*** Begin section ***

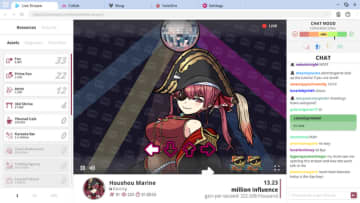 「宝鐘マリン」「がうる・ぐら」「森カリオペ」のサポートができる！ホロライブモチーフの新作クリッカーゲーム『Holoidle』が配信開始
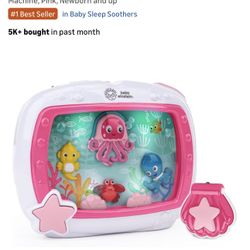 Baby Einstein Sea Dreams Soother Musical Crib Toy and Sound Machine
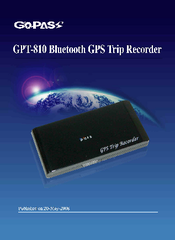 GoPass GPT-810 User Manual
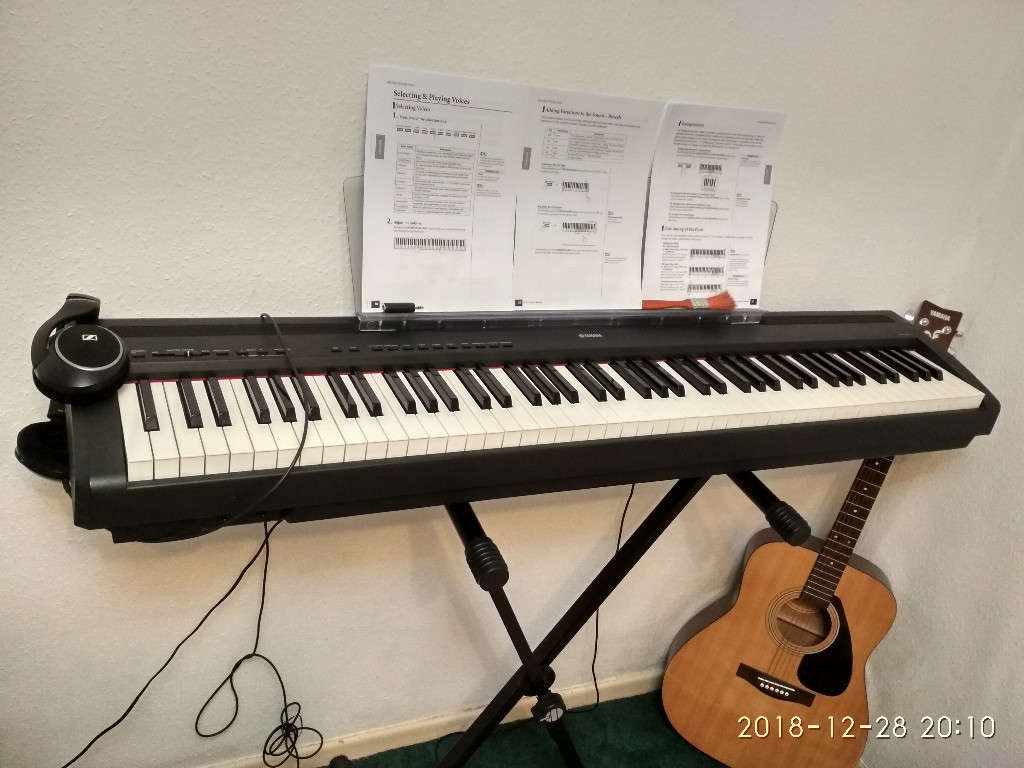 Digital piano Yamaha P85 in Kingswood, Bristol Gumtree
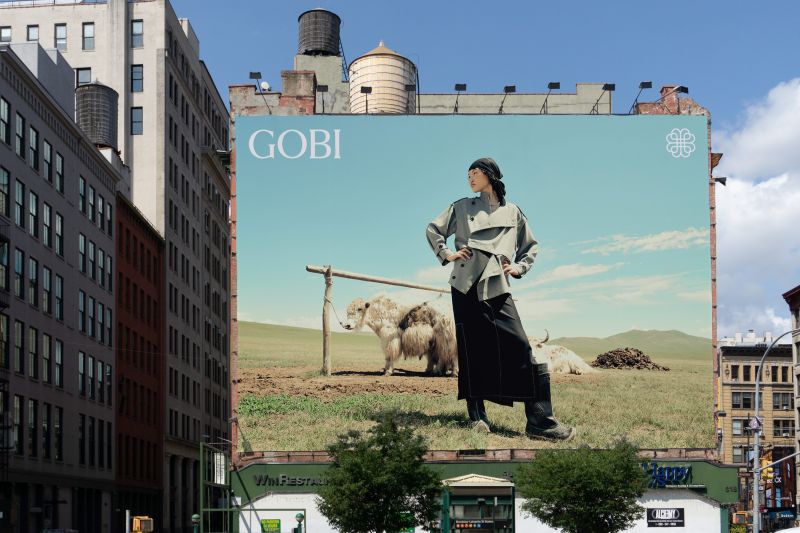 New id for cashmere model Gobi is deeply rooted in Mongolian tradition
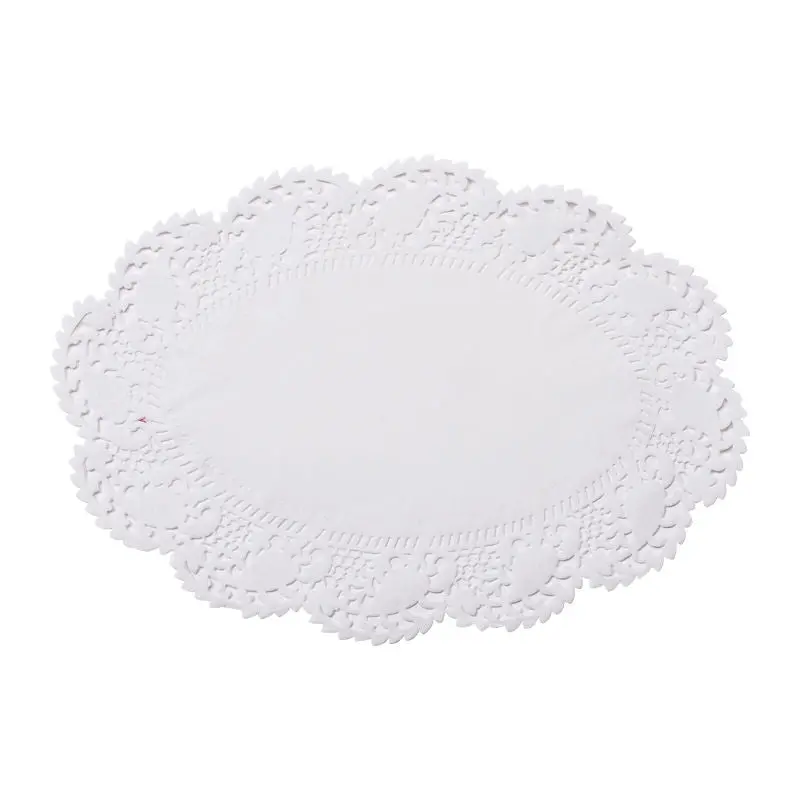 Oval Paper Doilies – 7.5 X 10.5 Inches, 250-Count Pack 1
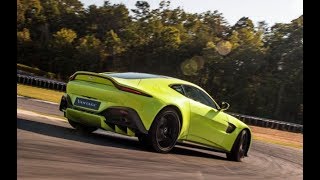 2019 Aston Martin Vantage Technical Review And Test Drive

*** End section ***

Only the lines from the one containing "New id for cashmere" through the final line of the data are to be written out, exactly as they stand and without pictures.

 New id for cashmere model Gobi is deeply rooted in Mongolian tradition
 Oval Paper Doilies – 7.5 X 10.5 Inches, 250-Count Pack 1
 2019 Aston Martin Vantage Technical Review And Test Drive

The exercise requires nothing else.